_How to complete this task_.
The reply must consist of the complete listing, reproduced exactly, with no images included.

──────── Exercise material

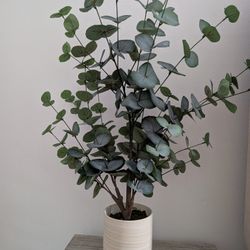 Home Decor - Artificial tree
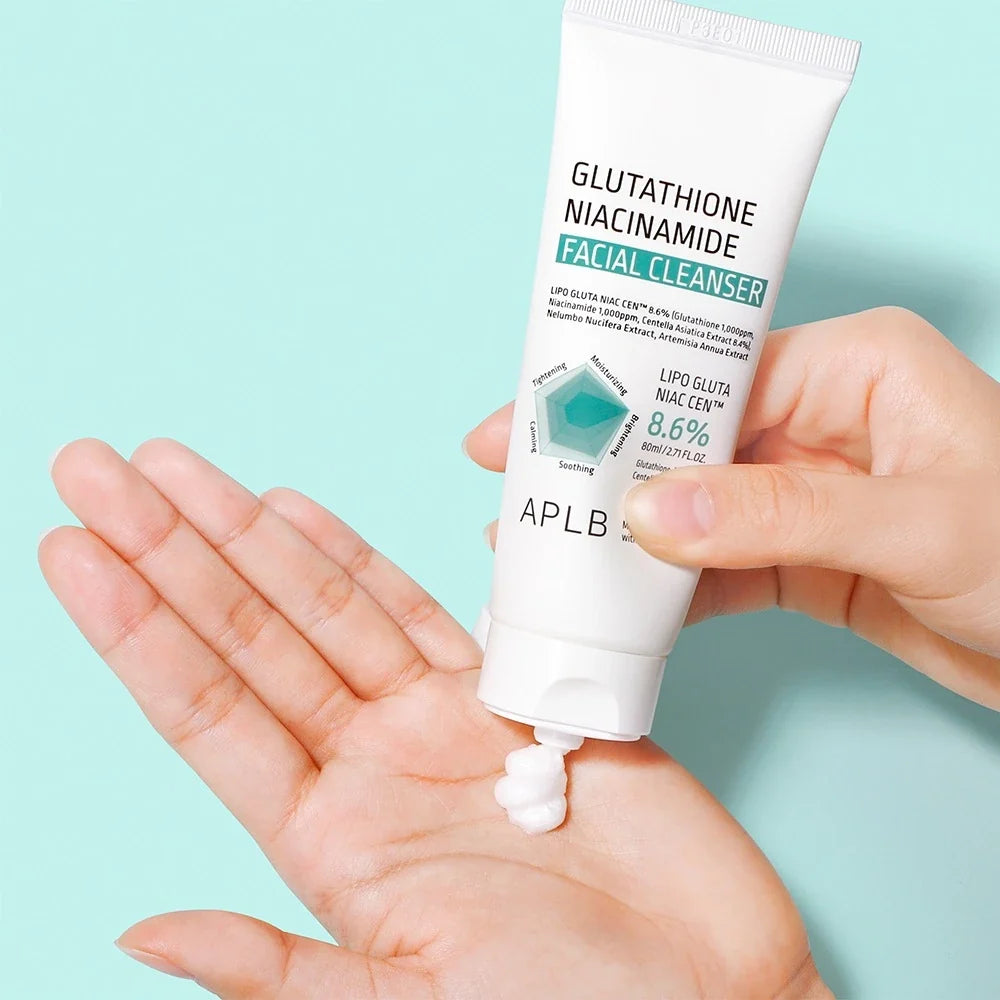 Очищающая пенка для лица APLB Glutathione Niacinamide Facial Cleanser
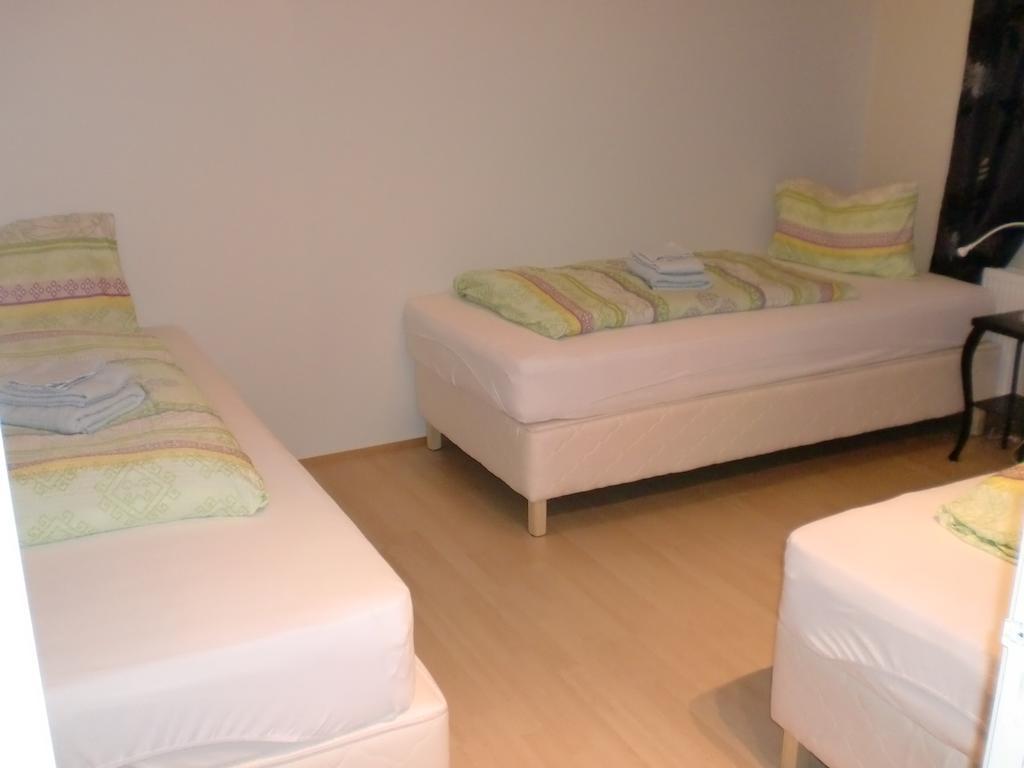 Guesthouse Tilraun 블론두오스 객실 사진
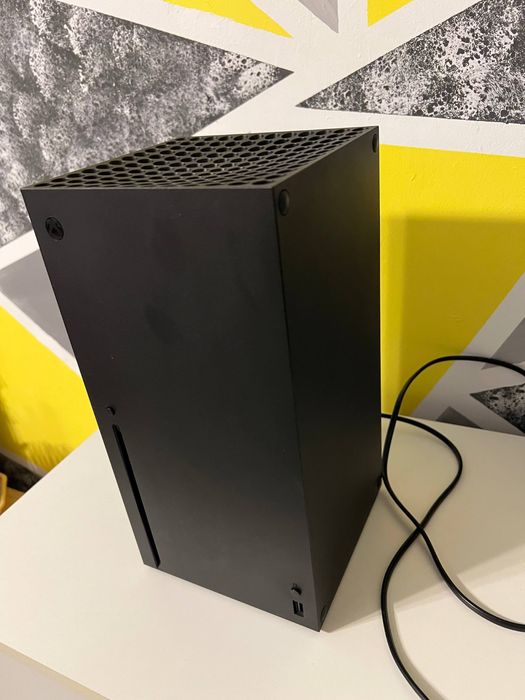 Игровая консоль Xbox Series X 1TB Black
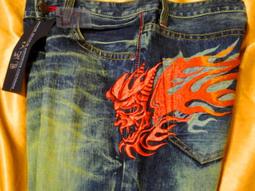 【帥哥王】最新BLUE WAY 鬼洗炙炎飛焰炎鬼 金色漸層超大3D鬼頭圖騰立體刺繡深藍色31腰原4680只要3250 歷史價格詳細信息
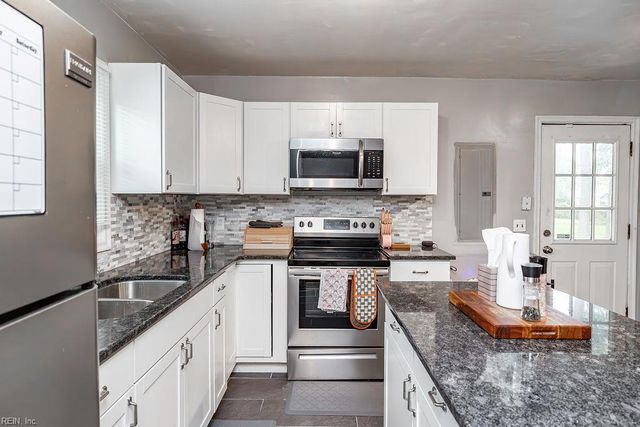 31 Warren DR, Portsmouth, VA 23701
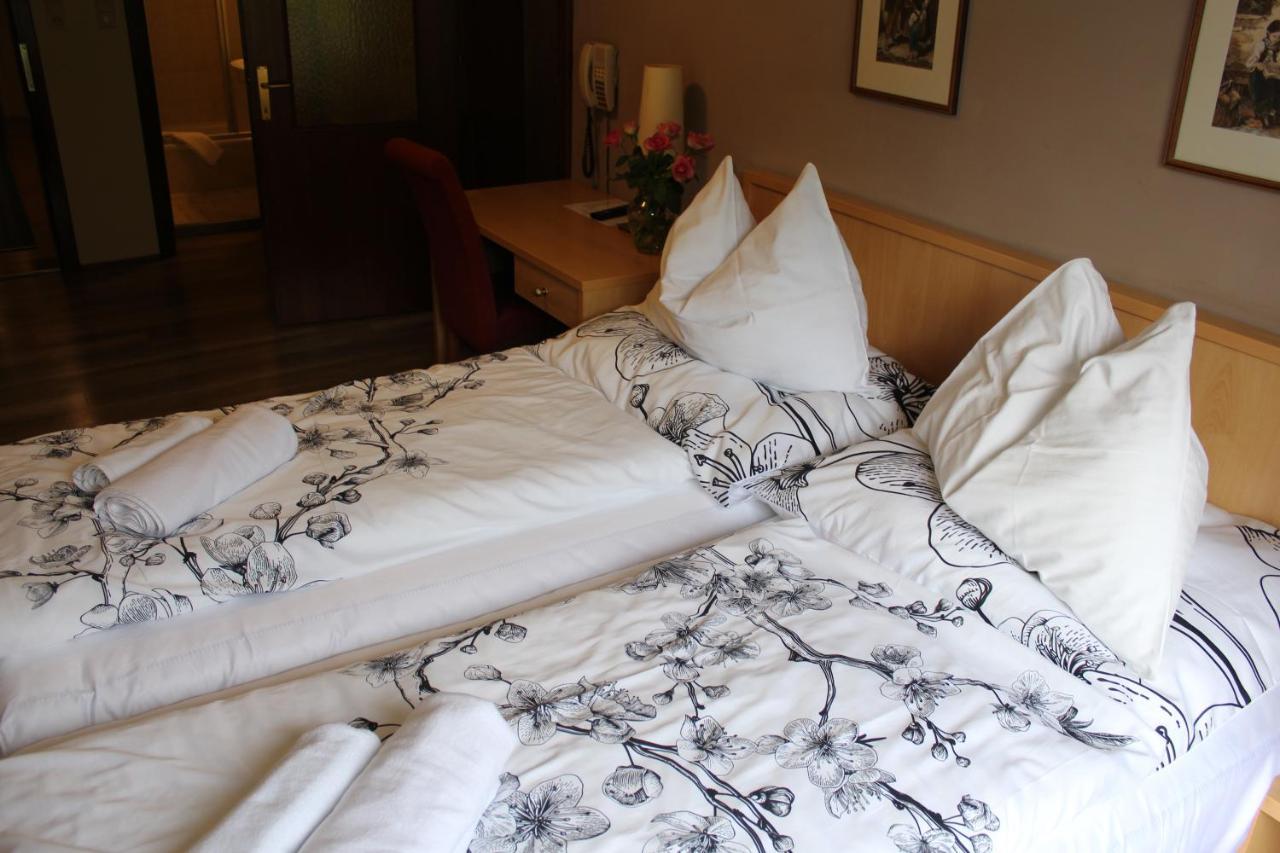 Hotel Alt Kirchheim Bad Kleinkirchheim Esterno foto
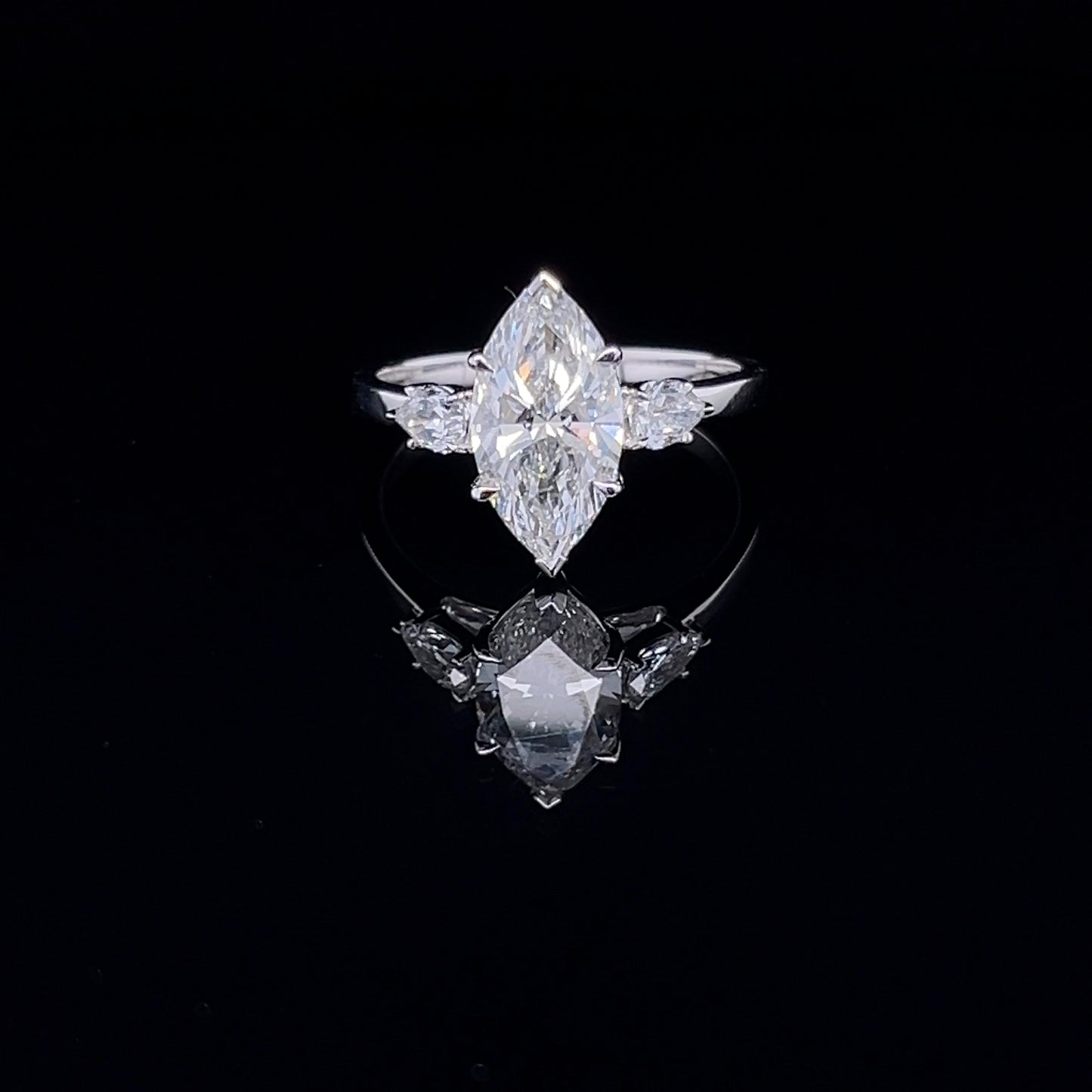 2 CARAT MARQUISE RING (KJR9734)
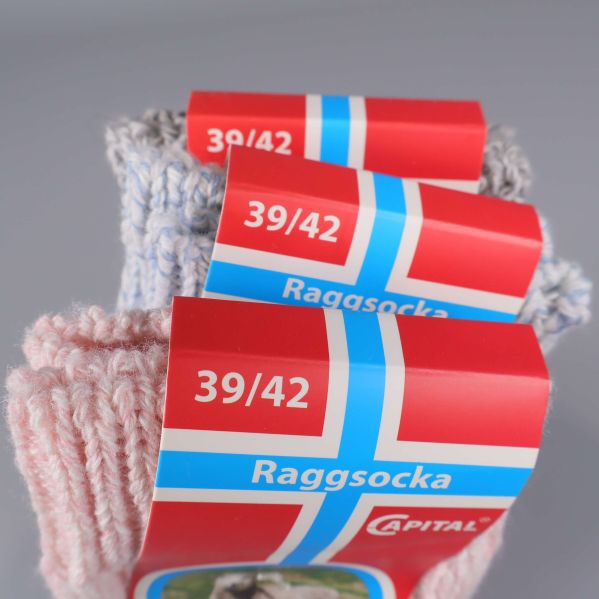 Storleksmärkning 39/42 och texten Raggsocka syns på förpackningen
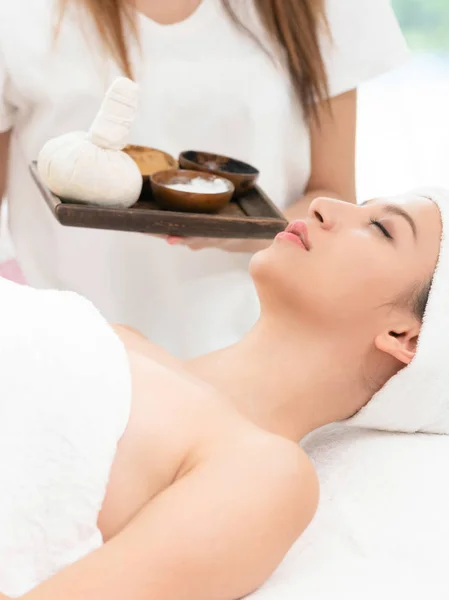 Ontspannen Vrouw Liggend Bed Van Spa Wellness Massage Voorbereid Met — Stockfoto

────────────────

_Exercise output_.
 Home Decor - Artificial tree
 Очищающая пенка для лица APLB Glutathione Niacinamide Facial Cleanser
 Guesthouse Tilraun 블론두오스 객실 사진
 Игровая консоль Xbox Series X 1TB Black
 【帥哥王】最新BLUE WAY 鬼洗炙炎飛焰炎鬼 金色漸層超大3D鬼頭圖騰立體刺繡深藍色31腰原4680只要3250 歷史價格詳細信息
 31 Warren DR, Portsmouth, VA 23701
 Hotel Alt Kirchheim Bad Kleinkirchheim Esterno foto
 2 CARAT MARQUISE RING (KJR9734)
 Storleksmärkning 39/42 och texten Raggsocka syns på förpackningen
 Ontspannen Vrouw Liggend Bed Van Spa Wellness Massage Voorbereid Met — Stockfoto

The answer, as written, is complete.